Early in his set, Buckingham clarified that he was playing a high school auditorium by choice, and not out of necessity. Buckingham says he’s beholden to a small machine (which is a solo career) and a big machine (which is Fleetwood Mac), and one can’t exist without the other. He referred to this concert as “an experiment,” though it was unclear whether he was the subject or the audience. Anyway, Buckingham gives this exact same “small machine vs. big machine” speech on his new (very good) live album, One Man Show, which was released earlier this month on iTunes. I only know this because I saw Buckingham live and was compelled to look at his website when I got home. It never ceases to amaze me how much new music is released by quantifiably popular artists — and Buckingham’s sales statistics are better than most — that you never hear about in the media. It reminds you just how futile it is to even pretend that you can cover popular music at all comprehensively. At best, you can rope off a small portion of the overall landscape and convince yourself that the rest of it doesn’t exist. One More Show resides in the terrain that most music critics like to believe isn’t there. Pretty soon, it won’t be.
I ended up downloading One Man Show when I got home, and I’m glad because everything else about the record was identical to the concert I just saw. (The album was recorded in September at a show in Des Moines.) Same set list, same stage patter, some outro guitar solos. Some people might see this as a negative, or as a larger knock on the generation of studio-bred ’70s El Lay pop-rock professionals that Lindsey Buckingham represents. But I am now old enough to comfortably enjoy excellent musicianship, andOne Man Show delivers precisely the facsimile of an enjoyable experience that I was looking for.

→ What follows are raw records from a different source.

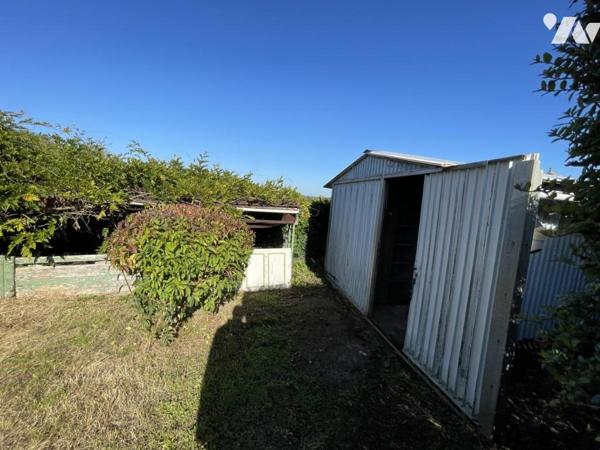 Maison d'habitation offrant environ 72 m² habitables sur un terrain de 640 m².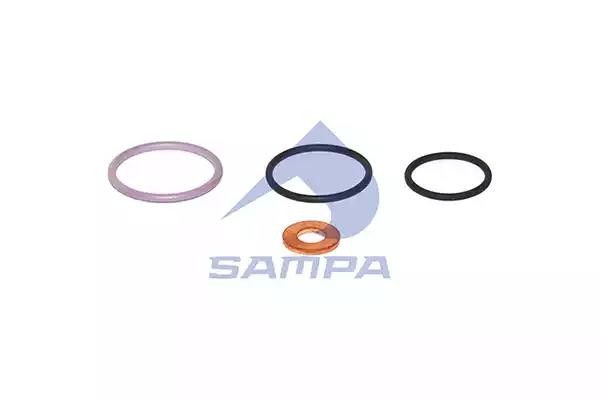 РМК насос-форсунки, кольца и шайба 040668 SAMPA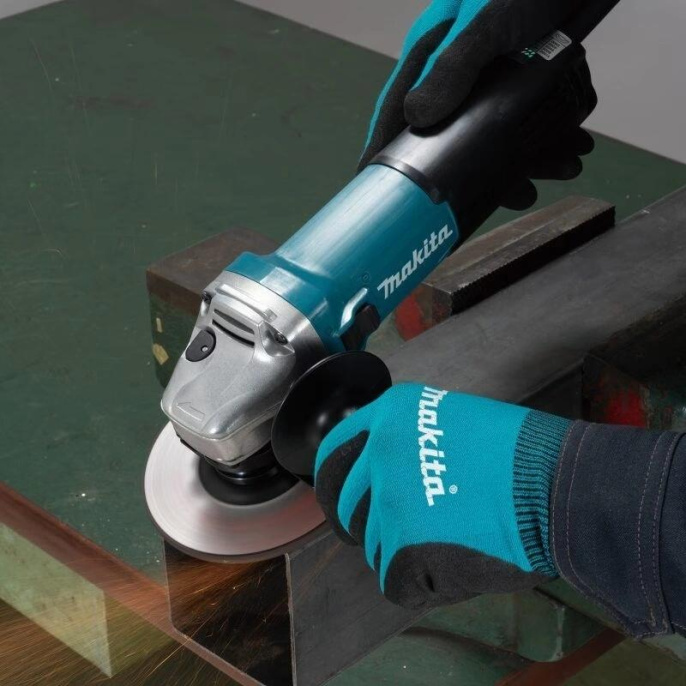 Углошлифовальная машина Makita GA5100 850Вт 11000об/мин рез.шпин.:M14 d 125мм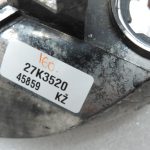 Oriģinālais Renault Captur I (J87) Aizmugurējais atpakaļgaitas lukturis aizmugurējais labais 265540003R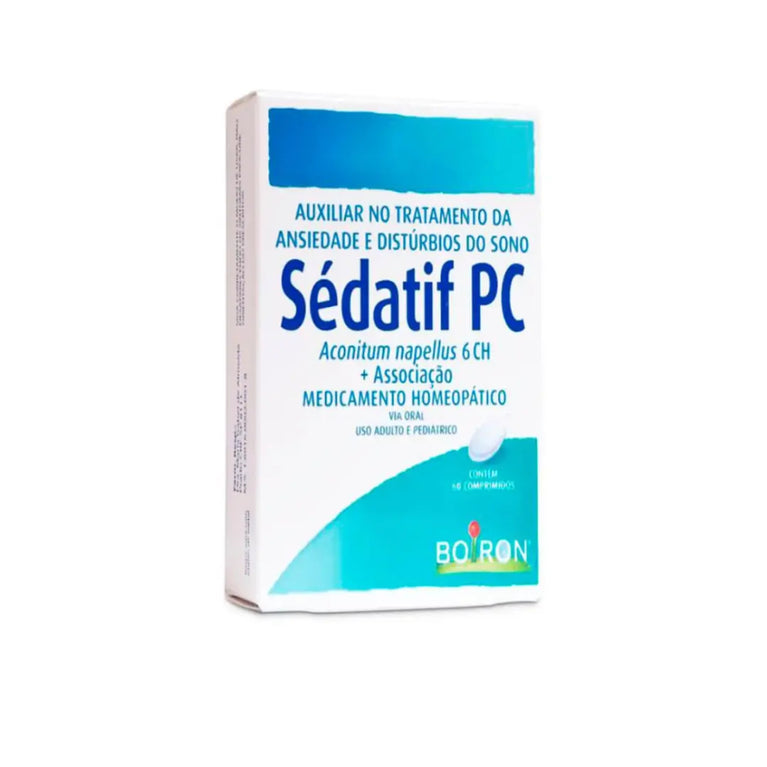 Sedatif PC 300mg - 60 Comprimidos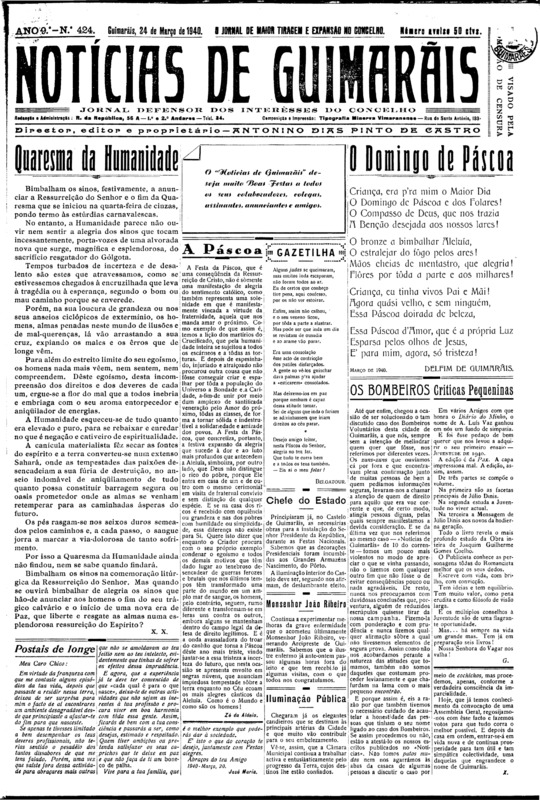 Notícias de Guimarães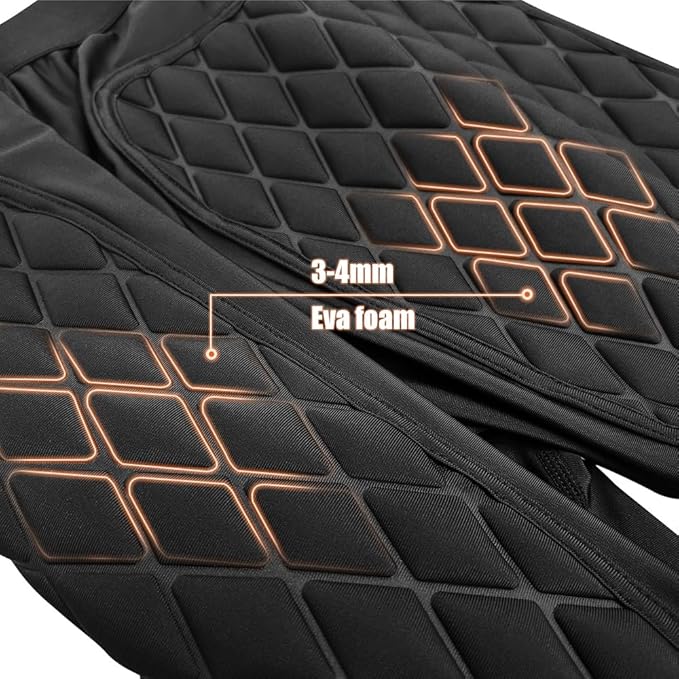 MK MOSSE KARNE Men Youth Baseball Sliding Shorts Padded Compression Shorts Protective Softball Sliding Shorts for Youth Adult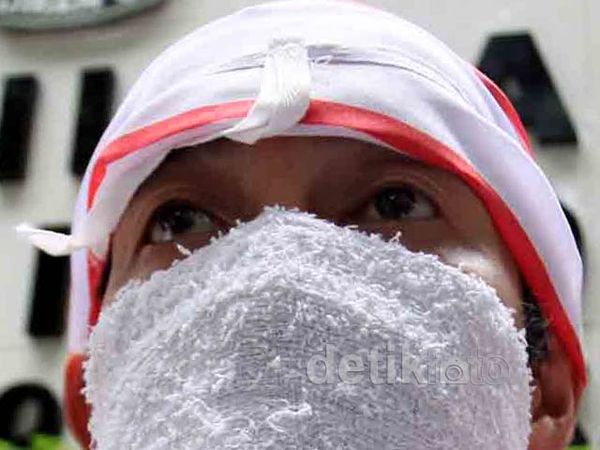 PKPI Bang Yos Kembali Demo KPU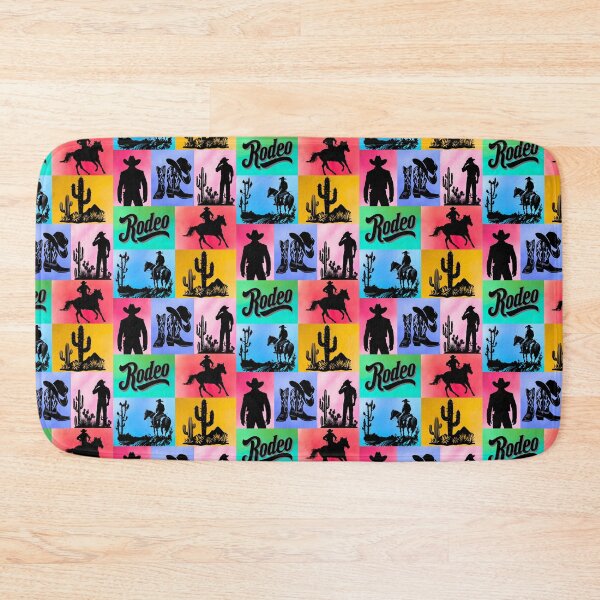 Item preview, Rodeo Cowboy Pop-Art designed and sold by Fredster1966.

By the way, Buckingham isn’t bullshitting about the “small machine/big machine” thing. He really didn’t have to be there. Mick Fleetwood complained in an interview withPlayboy earlier this year that solo tours by Buckingham and Nicks are keeping Fleetwood Mac off the road, and therefore preventing the huge financial windfalls that accompany Fleetwood Mac tours. (Fleetwood Mac grossed more than $70 million in 2009.) This concert at a high school in the Milwaukee area was costing a sizable cadre of anonymous concert promoters and T-shirt vendors a fortune. (Fleetwood Mac plans to tour in 2013.)
This might make this concert seem pointless, or at least self-indulgent. But it didn’t seem that way as it was happening. On Saturday I thought a lot about how the big machine is running on ancient gears. I wondered how many more $70 million Fleetwood Mac tours there can possibly be. I imagined all the arenas that Lindsey Buckingham has filled over the years, and how he must have realized at some point that playing clubs and small theaters and high school auditoriums will add another 10 years to his career. He knows his world is shrinking, and he’s accepted it. It was a little strange. It was also fantastic. Definitely more fantastic than strange.